Maximum blitter speed with pipelining

zero · 10 June 2016, 12:34

How can we get the maximum speed from the blitter? Let's target Amigas with only chip RAM, so a stock A500 or A1200.

The blitter registers are not double buffered, so you can't pre-load them between operations. The CPU stops when the blitter has priority anyway...

Can you toggle the priority bit on half way through an operation? Then you could start in friendly mode, load up the next operation into CPU registers and enable the priority bit, and then immediately write the next operation settings into the blitter's registers.

What other techniques can be used to get maximum speed from the blitter? Say I have a load of pre-calculated operations I want to perform, like a demo effect or bob list.

britelite · 10 June 2016, 12:42

Quote:

Originally Posted by zero

The CPU stops when the blitter has priority anyway...

No, it doesn't

Toni Wilen · 10 June 2016, 13:03

I'd say "it depends", not no or yes

Mrs Beanbag · 10 June 2016, 13:26

if you have only Chip RAM and no instruction caches

zero · 10 June 2016, 13:59

Yeah, should have specified, a 68000 with only chip RAM stops, but of course an A1200 with 68EC020 can continue to execute code from its cache. However, in this scenario, since we need to fetch the next blitter operation parameters from RAM...

I suppose you could use speedcode, but getting the instructions into the cache seems like a tricky problem.

What about the copper? If you calculate the right wait positions so that it copies new data as soon as the blitter finishes, it could be quicker than the CPU I think. There might be some wasted cycles due to the copper not being able to wait for the exact point it needs to (extremes of the scanline).

Toni Wilen · 10 June 2016, 19:05

It still depends, even with chip ram only A500 (or chip+"slow" ram). It depends on selected channel combination, some have idle cycles that are free for the CPU.

Copper has blitter wait bit, it is used in many demos to start multiple blits sequentially.

zero · 11 June 2016, 22:20

Thanks Toni. So would you say that is the fastest possible way to queue up blits, but waiting and loading registers with the copper?

Any other useful optimizations? I suppose arranging your bitmaps in memory so that you don't need to reload address registers might help.
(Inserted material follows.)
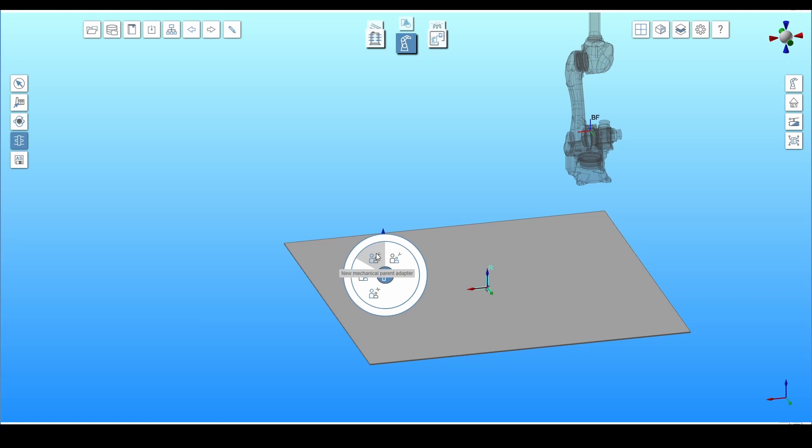The controller is always the parent in these connections. Each of these connections has a parent and child. This determines what is connected in relation to what. The floor will be a mechanical and parent adapter, so click on create new mechanical parent adapter.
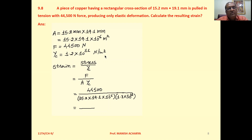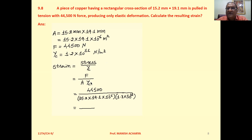Now we want to calculate strain. Strain equals stress divided by Young's modulus, which is force divided by area, divided by Young's modulus. So F = 44,500; area = 15.2 × 19.1 × 10⁻⁶ m²; Young's modulus = 1.2 × 10¹¹. Now solve this and you will get the answer.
ReadOnlyCat · 12 June 2016, 06:28

This is definitely the fastest since the copper will react much faster than the CPU to a blitter interrupt and will be much faster at setting blitter registers.
Possible optimizations include grouping blits so that consecutive blits share very similar setups so the minimum amount of registers need to be re-set between each but his might require quite a bit of CPU if you need to do this dynamically and cannot predict this order statically.

sandruzzo · 12 June 2016, 06:34

Interleaved bitplanes could be faster than usual bitplanes setup

Photon · 17 July 2016, 18:09

Quote:

Originally Posted by zero

The CPU stops when the blitter has priority anyway...

Quote:

Originally Posted by britelite

No, it doesn't

It does for most things everyone does with the Blitter.

Exceptions are clear and polyfill.

If you need CPU cycles during a blit, you can disable BLTPRI or use the uncommon USEx channel masks 7, 5, or 3. This will make the blit finish later.

roondar · 18 July 2016, 10:48

Quote:

Originally Posted by ReadOnlyCat

This is definitely the fastest since the copper will react much faster than the CPU to a blitter interrupt and will be much faster at setting blitter registers.
Possible optimizations include grouping blits so that consecutive blits share very similar setups so the minimum amount of registers need to be re-set between each but his might require quite a bit of CPU if you need to do this dynamically and cannot predict this order statically.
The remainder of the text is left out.